St. Paul was supposed to get buried in this one. Instead, the Saints soaked up 19 hits at Fifth Third Field, never retired Toledo in order, gave up runs in six of nine innings and still walked away with a 10-9 win that said more about resilience than run prevention.
That kind of game tests every layer of a roster, and the Saints passed the test with offense early and defense late. Matt Wallner cracked a two-run homer in the first inning, his seventh of the season and his 48th in a Saints uniform, tying Chris Williams for the Triple-A franchise record. The next night, Wallner would break the mark with his 49th, but this win already had the feel of a player forcing the conversation. For a Minnesota organization always hunting for bats that can matter quickly, Wallner looked like the loudest answer on the field.

The rest of the lineup did enough damage to keep St. Paul ahead in a game that kept slipping into chaos. Henry Kusiak picked up his first Triple-A hit, while Tanner Schobel and Noah Cardenas contributed from the bottom of the order. Across the diamond, Tyler Gentry kept Toledo alive with four hits, the sort of night that showed why the Mud Hens were such a tough opponent in a series that had already swung from a 12-1 Saints win on June 10 to a 1-0 Toledo shutout on June 11.

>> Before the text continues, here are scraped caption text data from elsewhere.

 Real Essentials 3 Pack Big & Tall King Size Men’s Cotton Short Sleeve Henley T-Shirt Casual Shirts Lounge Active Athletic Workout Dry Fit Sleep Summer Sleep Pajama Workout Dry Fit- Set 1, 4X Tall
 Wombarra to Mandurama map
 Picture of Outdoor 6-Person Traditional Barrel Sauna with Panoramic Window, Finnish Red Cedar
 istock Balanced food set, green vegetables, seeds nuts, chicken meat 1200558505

The ninth inning delivered the sort of sequence that can define a road win. Tyler Gentry opened with a single, Max Clark followed with a bunt popup, and Max Anderson ripped a double off the wall. But Ben Ross and Kaelen Culpepper teamed with Cardenas and the cutoff to throw out Gentry at the plate, preserving the lead before Trent Baker struck out Gage Workman to end it. In a game where nothing came easy, that was the play that mattered most.
The Saints did not leave Toledo with a clean pitching line. They left with proof that they can survive a barrage, score enough to stay in it and finish when the last out is hanging in the air. For a team under constant roster pressure, that is the kind of ugly win that gets noticed.